» **Task item**
Without including any images, repeat the listing below exactly.

===== Supplied data

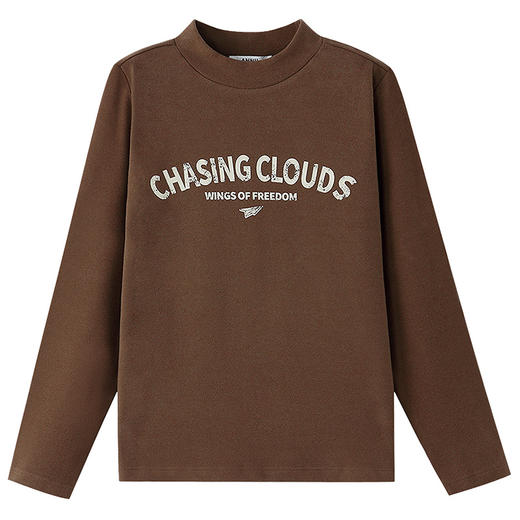 【实体店同款】男童中领针织上衣冬季新款安奈儿童装AB541417 商品图5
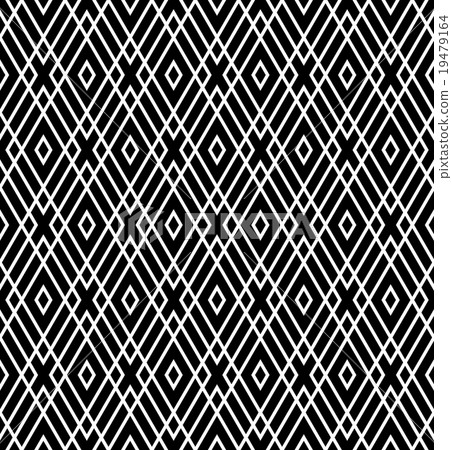 Seamless geometric pattern.-插圖素材 [19479164] - PIXTA圖庫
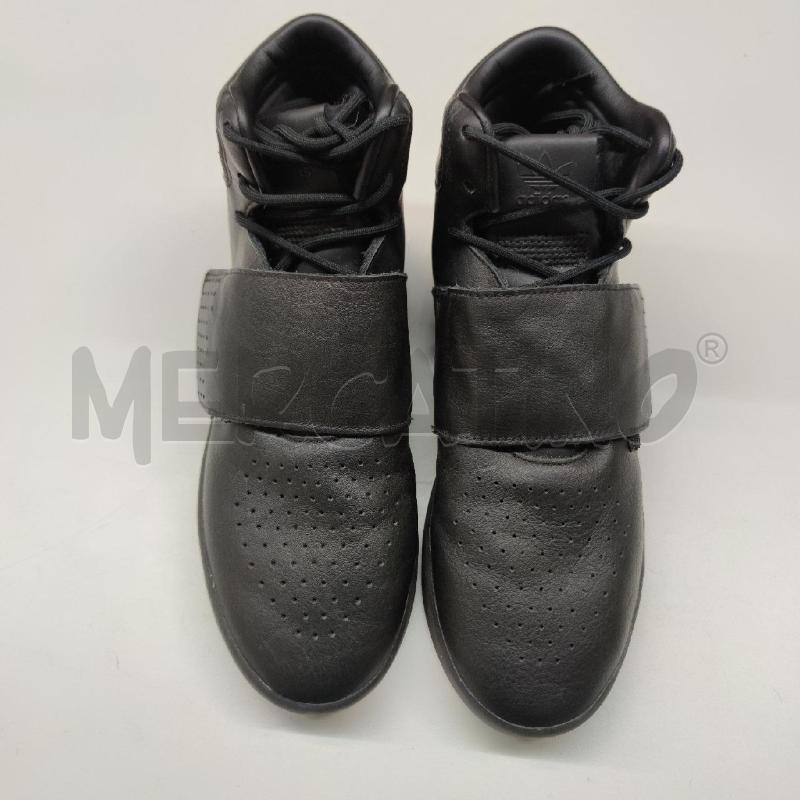 SCARPE UOMO ADIDAS PELLE NERE TUBULAR  | Mercatino dell'Usato Settimo torinese 1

==========

» **Output of the task**
 【实体店同款】男童中领针织上衣冬季新款安奈儿童装AB541417 商品图5
 Seamless geometric pattern.-插圖素材 [19479164] - PIXTA圖庫
 SCARPE UOMO ADIDAS PELLE NERE TUBULAR  | Mercatino dell'Usato Settimo torinese 1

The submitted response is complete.